Aussichten & Einsichten

Aussichten (auf das kommende Frühjahr):

Drei kleine Strassen
mit Häuserchen wie aus einer Spielzeugschachtel
münden auf den stillen Marktplatz.

Der alte Brunnen vor dem Kirchlein rauscht,
die Linden duften.

Das ist das ganze Städtchen.

Aber draussen,
wo aus einem blauen, tiefen Himmel Lerchen singen,
blinkt der See und wogen Kornfelder.

Mir ist Alles wie ein Traum.

Soll ich bleiben? Soll ich weiterziehn?

Der Brunnen rauscht . . . die Linden duften.

Arno Holz

Photo © e.a.brokans

Photo © e.a.brokans

Einsichten.

Der einen oder dem anderen ist es bestimmt schon aufgefallen. Auf meinen Photos fehlen die Menschen. Ein Alltagsklunkerbeitrag von Stephanie Jaeckel, die sich auch mit dieser Thematik beschäftigte, ließ mich darüber nachdenken.

Vorab eine kleine Erläuterung: Mir geht hier nicht um das Urheberrecht, ich rede hier von Porträtaufnahmen, bei denen die abgebildete Person deutlich erkennbar ist.

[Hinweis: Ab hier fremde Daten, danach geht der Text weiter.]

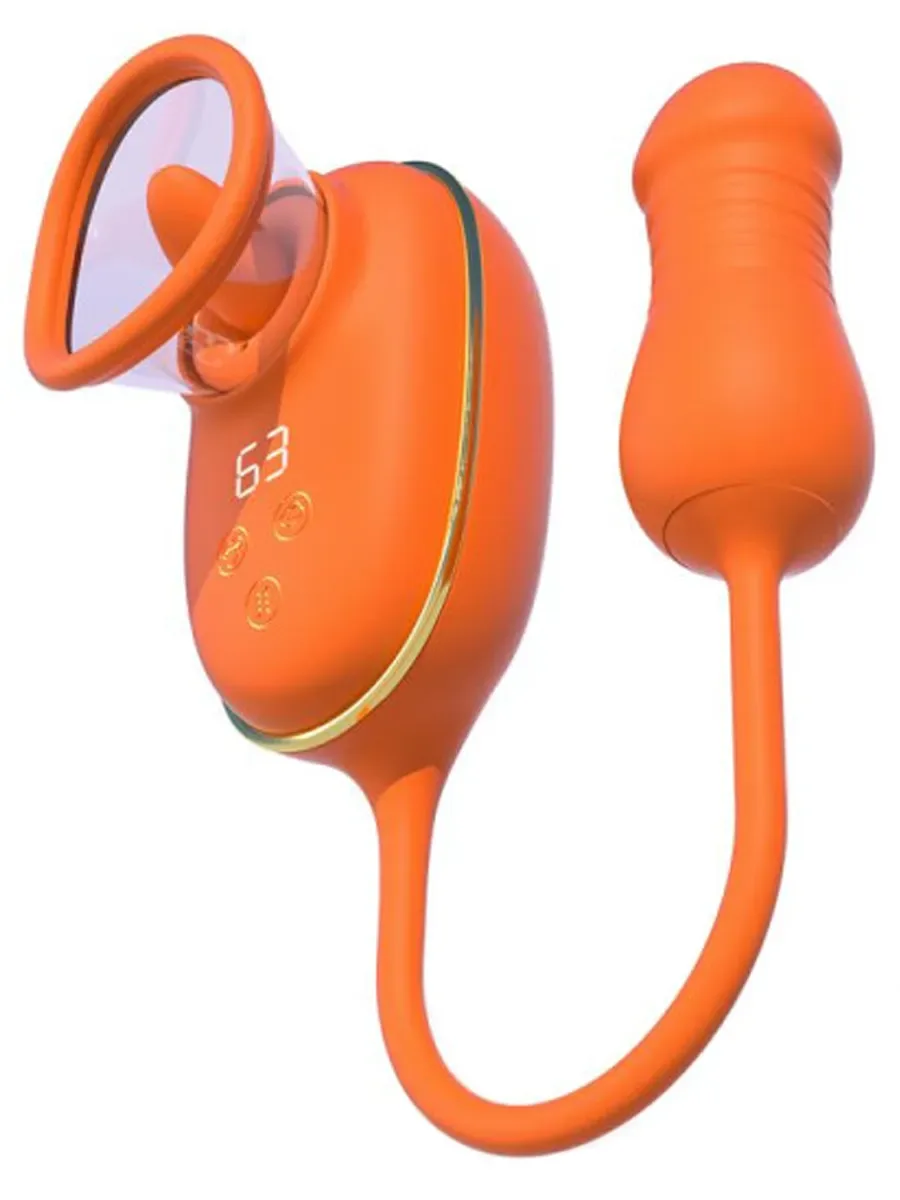 Engily Ross Lizer Pro i orange, sedd snett framifrån med vakuumkåpan över tungan och det stötande ägget på silikonsladden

Sobald dies der Fall ist und an eine Veröffentlichung gedacht wird, muss eine Einverständniserklärung – möglichst in schriftlicher Form – vorliegen. Ansonsten kann es Ärger mit dem „Recht am eigenen Bild“ geben. Natürlich gibt es da auch, wie bei jedem Gesetz, Ausnahmen und Fallstricke. Auf diese möchte ich aber nicht eingehen, ich bin kein Fachmann. Das Netz ist diesbezüglich voll von fundierten Hinweisen. In anderen Ländern ist man übrigens bei weitem nicht so rigoros beim „Recht am eigenen Bild“.

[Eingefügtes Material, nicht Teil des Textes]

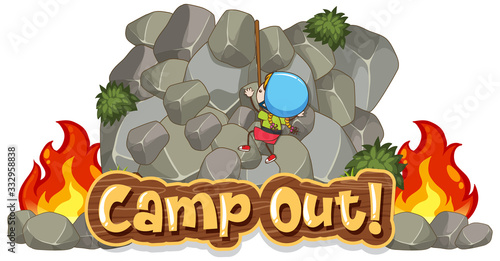 Font design for word camp out with girl climbing rocks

Mir geht es allerdings nicht so sehr um die rechtliche Situation, sondern mehr die Ethik. Ich selbst bin ziemlich kamerascheu, darum verfahren ich nach dem alten Spruch:

„Was man mir nicht antun soll, will ich auch nicht anderen Menschen zufügen“.

(Konfuzius oder so…)

Darum verzichte ich darauf fremde Menschen ohne ihre ausdrückliche Erlaubnis abzulichten und die Photos in irgendeiner Form zu veröffentlichen. Ich möchte ja auch nicht, dass Photos mit meinem Konterfei in irgendwelchen sozialen Netzwerken kursieren (reine Hypothese – an mir gibt es nix interessantes).

Ich mag auch diese sogenannte „street photographie“ nicht besonders. Manchmal schrammt sie doch hart am Voyeurismus entlang. Die oft hochgelobten Aufnahmen der sagenhaften, manischen Bildersammlerin Vivian Maier sprechen hier Bände; ebenso die technisch und photoästhetisch sicherlich hervorragenden Aufnahmen von betrunkenen und kotzenden Feiernden aus Großbritannien, welche kurz nach Silvester im Netz kursierten.

Andererseits sehe ich natürlich schon die Notwendigkeit gewisser Photos, um die Welt aufzurütteln; soweit das bei der vorherrschenden Abgestumpftheit und Sensationsgier überhaupt noch möglich ist. Es ist halt – wie so oft – ein Spagat. Und entscheiden muss jeder für sich.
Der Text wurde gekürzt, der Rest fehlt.